Observamos o frenesi gerado por essa demonstração de coragem e cooperação entre o homem e o cão, e nos perguntamos: ‘Como foi que a corrida teve início?’
Legado dos condutores de cães
Qual é a origem da palavra “musher”? Esse termo surgiu na época da colonização do noroeste do Canadá. Os condutores franco-canadenses de cães gritavam: “Ma-a-r-r-che!”. Aos ouvidos dos colonizadores ingleses do Canadá a palavra soava “Mush!”. Foi assim que os condutores de cães ficaram conhecidos como mushers.
Embora a corrida de cães de trenó disputada hoje em dia seja um passatempo relativamente novo, os cães já são usados para puxar trenós pelo menos há mil anos. De início, os cães e os trenós eram usados basicamente para transportar cargas nas vastidões gélidas e desérticas do hemisfério norte. O primeiro registro de cães puxarem trenós se encontra na literatura árabe que data do décimo século. Algumas autoridades acham que os chukchis, povo da Sibéria, foram os primeiros a fazer uso de cães e trenós.
O ouro pavimentou o caminho da trilha original de Iditarod. Foi descoberto em 1908 numa região em que os índios athapaskan caçavam caribu. Os índios chamavam essa região de Haiditarod, que significa “o lugar distante”, nome mais tarde anglicizado para Iditarod. Uma conseqüência dessa descoberta foi o surgimento de uma trilha de 1.800 quilômetros para Nome, que corta a cidade de Iditarod. Com o tempo, ela ficou conhecida como Trilha de Iditarod.
Durante a corrida do ouro do Alasca e do Canadá, os trenós puxados por cães levavam equipamentos, correspondência e ouro através do ermo imenso. Segundo certo relatório, em fins de 1911, quatro equipes de cães transportaram 1.200 quilos de ouro numa só viagem pela Trilha de Iditarod, chegando a Knik, Alasca, em 10 de janeiro de 1912.
Como surgiu a atual corrida de cães de trenó
Na era da corrida do ouro, com tantas equipes de cães, era comum que os punchers, como eram então chamados os condutores de cães, achassem que sua equipe ou o líder de sua matilha era o mais forte, o mais ligeiro ou o mais esperto. Por causa disso, as competições eram freqüentes. Daí, em Nome, em 1908, foi realizada a primeira corrida organizada de cães de trenó, o All-Alaska Sweepstakes. Essa precursora da atual corrida de cães de trenó preparou os mushers para ainda outra corrida — não para ganhar um troféu de ouro, mas para salvar vidas.

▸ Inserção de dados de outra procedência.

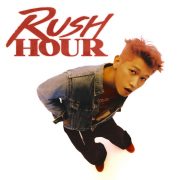 دانلود آهنگ Rush Hour از جی-هوپ بی تی اس و Crush با متن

1925: a Corrida do Soro para Nome
A histórica Corrida do Soro para Nome foi uma corrida de cães de trenó contra a morte. Em janeiro de 1925, ocorreu um surto de difteria em Nome. Devido à ameaça de epidemia, era preciso levar um carregamento de soro a Nome com urgência. Foi organizado um grupo de 20 punchers e mudas de cães que se alternariam no caminho. A primeira equipe partiu de Nenana com a temperatura marcando 46 graus Celsius negativos, dando início a um revezamento entre povoados distantes em média 50 a 80 quilômetros um do outro. A maior parte do trajeto foi feita às escuras, porque a claridade do dia ártico nessa época do ano dura apenas três ou quatro horas.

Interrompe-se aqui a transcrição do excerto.